Directions:
Word for word, reproduce the records, keeping none of the pictures.

:: Supplied records ::

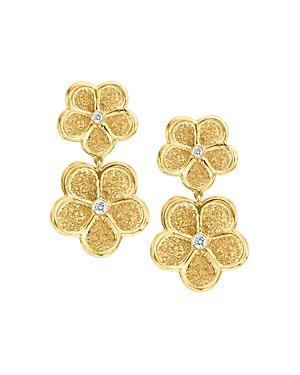 Gumuchian 18k Yellow Gold G Boutique Daisy Diamond Dangle Earrings
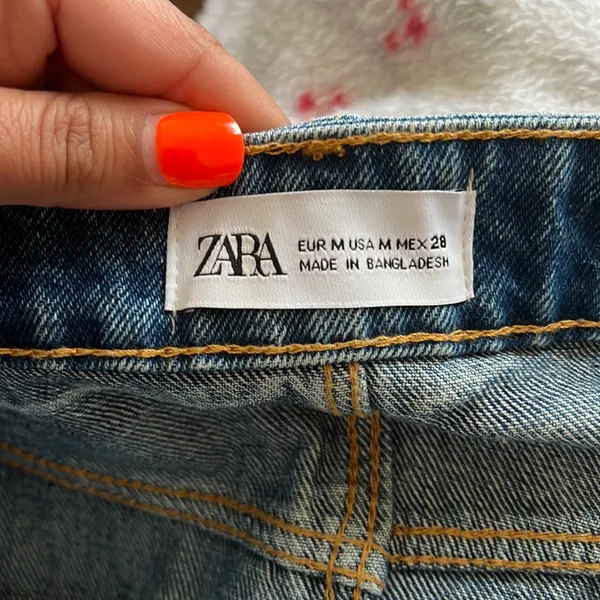 NWOT Zara Jean mini skirt - Image 3
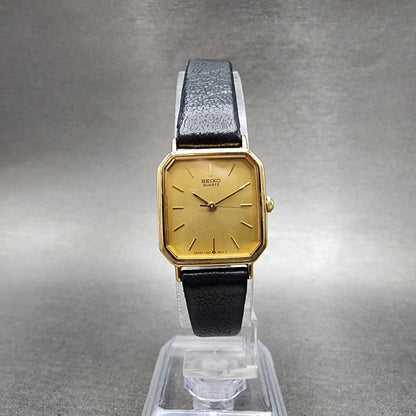 Seiko Watch Women 20mm Champagne Dial Gold Tone Octagon 73215410 New Battery5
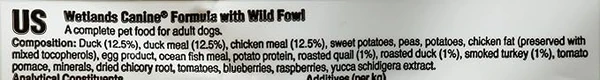 Taste of the Wild Wetlands Canine Formula with Wild Fowl for Adult Dogs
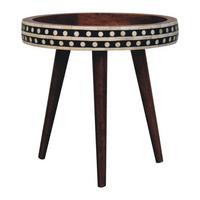 BEISTELLTISCH mit Muster in Honig-Karamell - Braun, Holz (40/40/40cm) - Artisan Furniture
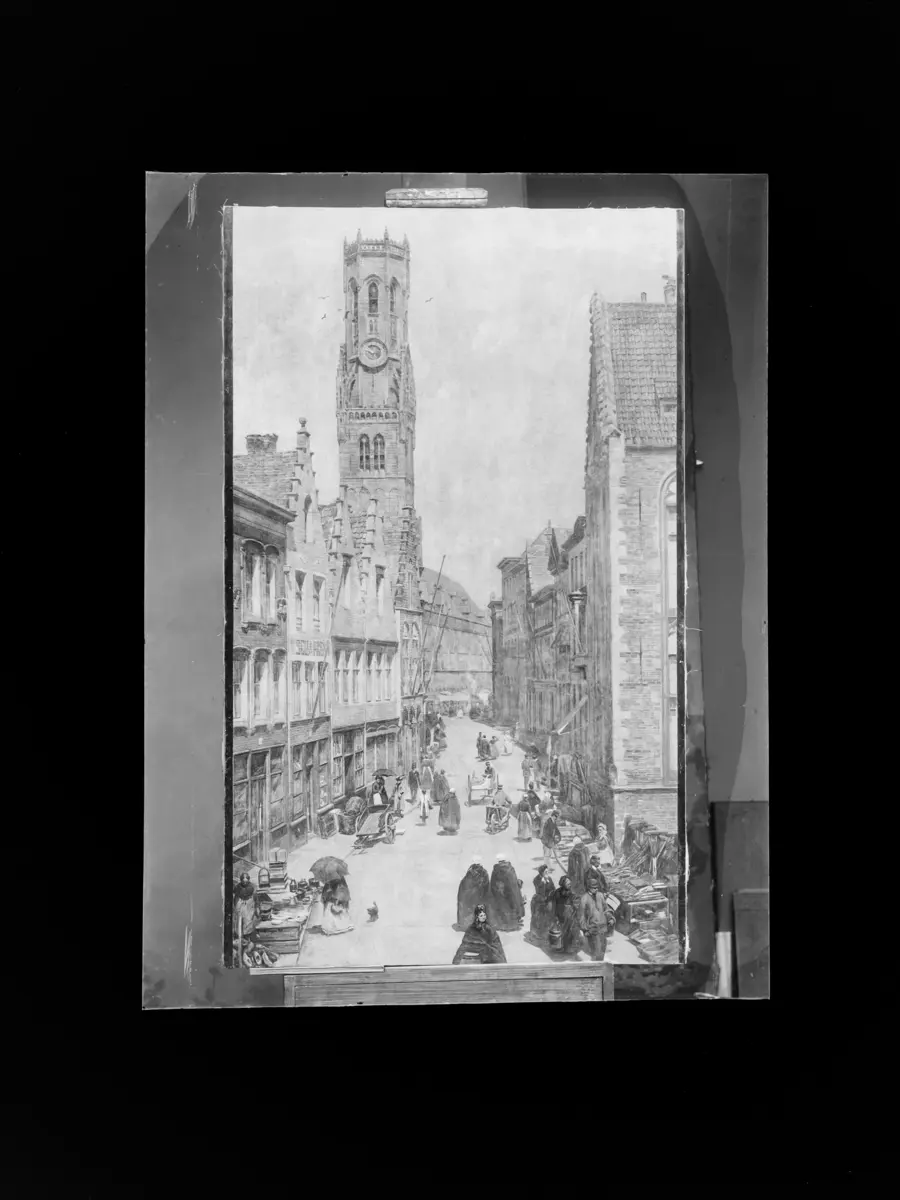 Die Wollestraat in Brügge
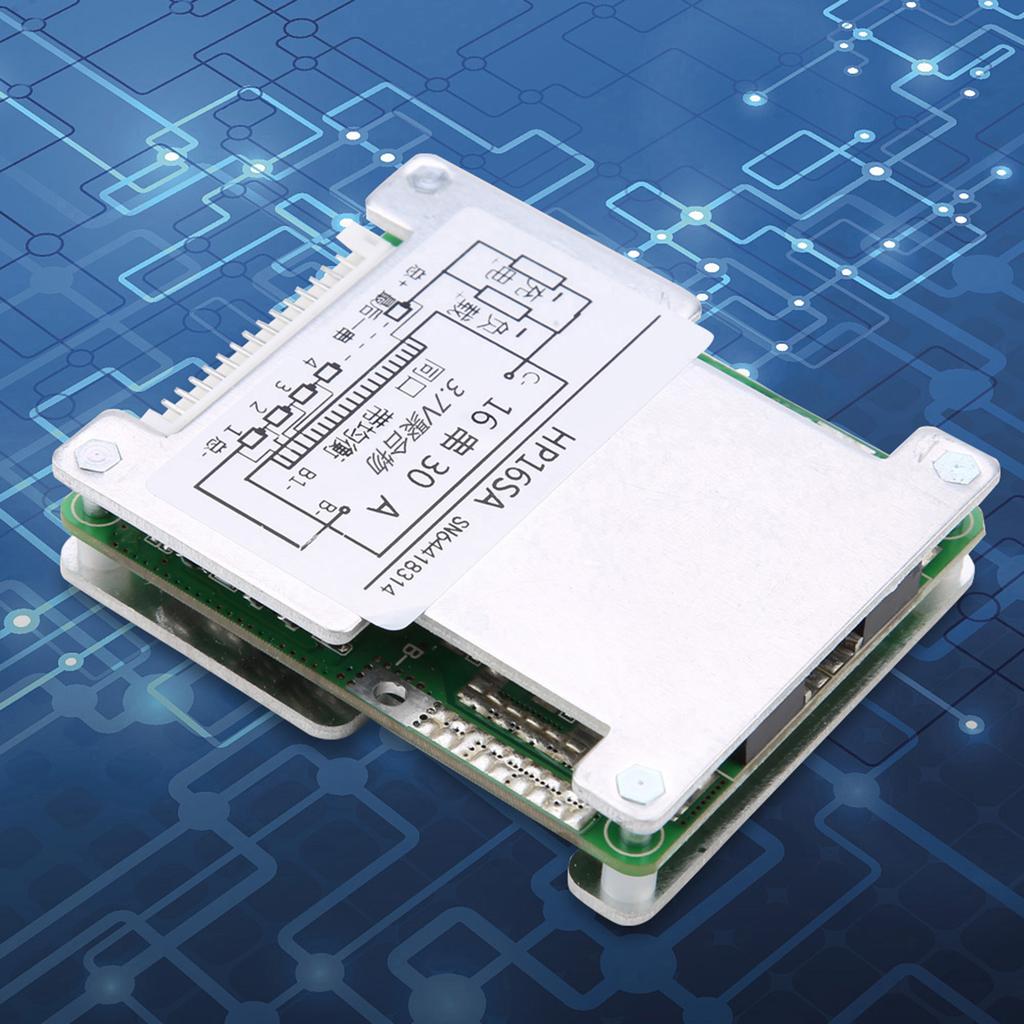 16S 48V60V Lithium Battery Balance Protection Board with Aluminum Heatsink (3.63.7V 30A)
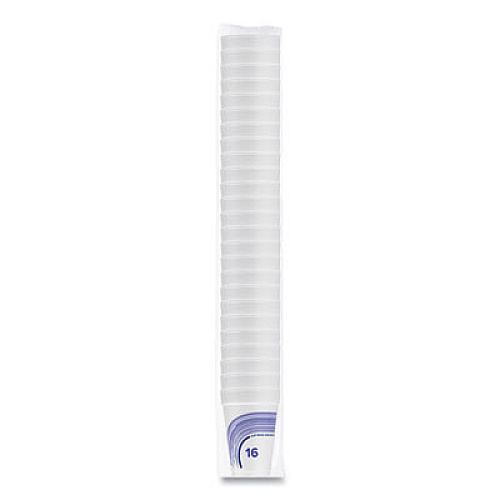 Dart Breeze Hot/Cold Insulated Foam Drinking Cups, 16 oz, Purple/White/Blue, 1,000/Carton (16J16B)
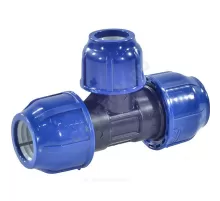 Тройник компрессионный ПЭ переходной Дн 50х32 Ру16 RTP (РосТурПласт) 14486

:::

Solved problem:
 Gumuchian 18k Yellow Gold G Boutique Daisy Diamond Dangle Earrings
 NWOT Zara Jean mini skirt - Image 3
 Seiko Watch Women 20mm Champagne Dial Gold Tone Octagon 73215410 New Battery5
 Taste of the Wild Wetlands Canine Formula with Wild Fowl for Adult Dogs
 BEISTELLTISCH mit Muster in Honig-Karamell - Braun, Holz (40/40/40cm) - Artisan Furniture
 Die Wollestraat in Brügge
 16S 48V60V Lithium Battery Balance Protection Board with Aluminum Heatsink (3.63.7V 30A)
 Dart Breeze Hot/Cold Insulated Foam Drinking Cups, 16 oz, Purple/White/Blue, 1,000/Carton (16J16B)
 Тройник компрессионный ПЭ переходной Дн 50х32 Ру16 RTP (РосТурПласт) 14486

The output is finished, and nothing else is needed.